この場所に登り、親子はこの世を我が手に治めたと感じていたのかもしれません。
2.飛鳥寺
蘇我馬子が発願し、その後596年に推古天皇によって創建された日本最初の本格的な仏教寺院。当時は東西約200m、南北約300mもの敷地をほこる大寺院でした。
ここに安置されているのが、609年に造られた日本最古の仏像である飛鳥大仏。
東大寺の大仏よりも更に約150年も年上!数度の火災により、破損した箇所もありますが顔や指の一部などは当時のまま。
しかも建物は再建されていますが、安置されている場所は創建当時と変わらないんだそう。1,400年もの間、人々を見守り続けている大仏さん。目の前にすると穏やかな気持ちになり、合掌せずにはいられません。
3.入鹿の首塚
飛鳥寺の裏門を出て道を挟んだ先にある蘇我入鹿の首塚。645年に起こった乙巳(いっし)の変で、暗殺された入鹿の首は数百メートルも飛び、この首塚のある場所辺りに落ちたという言い伝えも。

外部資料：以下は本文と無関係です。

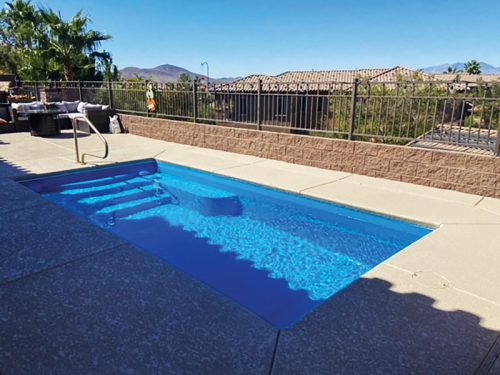 A serene backyard featuring a blue pool, steps, and a view of mountains and houses in the background.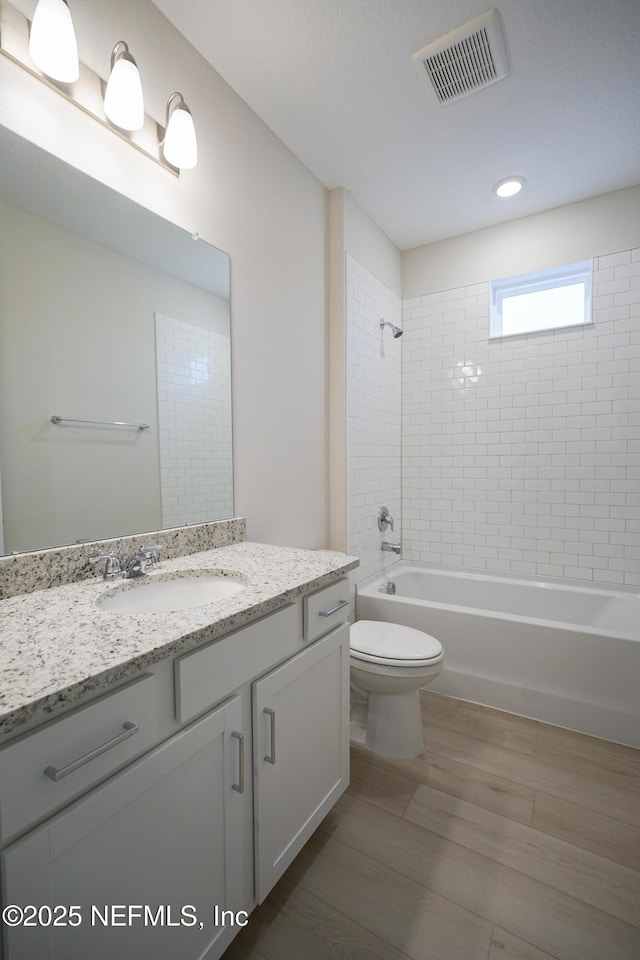 full bathroom with hardwood / wood-style flooring, tiled shower / bath combo, toilet, and vanity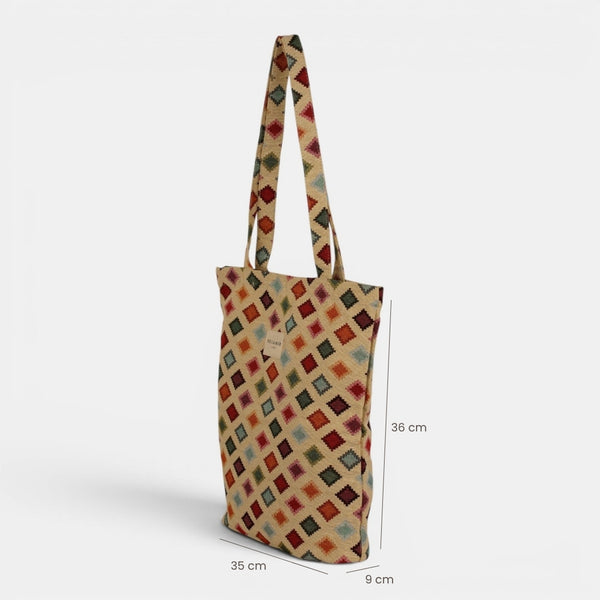 Bolsa pequeña Zac, estampado en beige, azul, terracota, detalle del material y el acabado — De La Mur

首塚には今も草花が供えられ、村の方の供養の心が感じられます。
4.伝飛鳥板蓋宮跡(でんあすかいたぶきのみやあと)
7世紀、歴代天皇の宮が飛鳥地方に造営されましたが、いずれもその具体的な場所が確定されていません。そのうち皇極天皇の飛鳥板蓋宮はこの辺りに造営されたという伝承があり、調査が続けられて来ました。645年、この場所で中大兄皇子と中臣鎌足が蘇我氏を倒したと言われています。
ちなみに、この事件を大化の改新という名で教わった方も多いと思いますが、現在ではこの事件そのものは乙巳(いっし)の変。その後に行われた新しい改革を大化の改新と呼んでいます。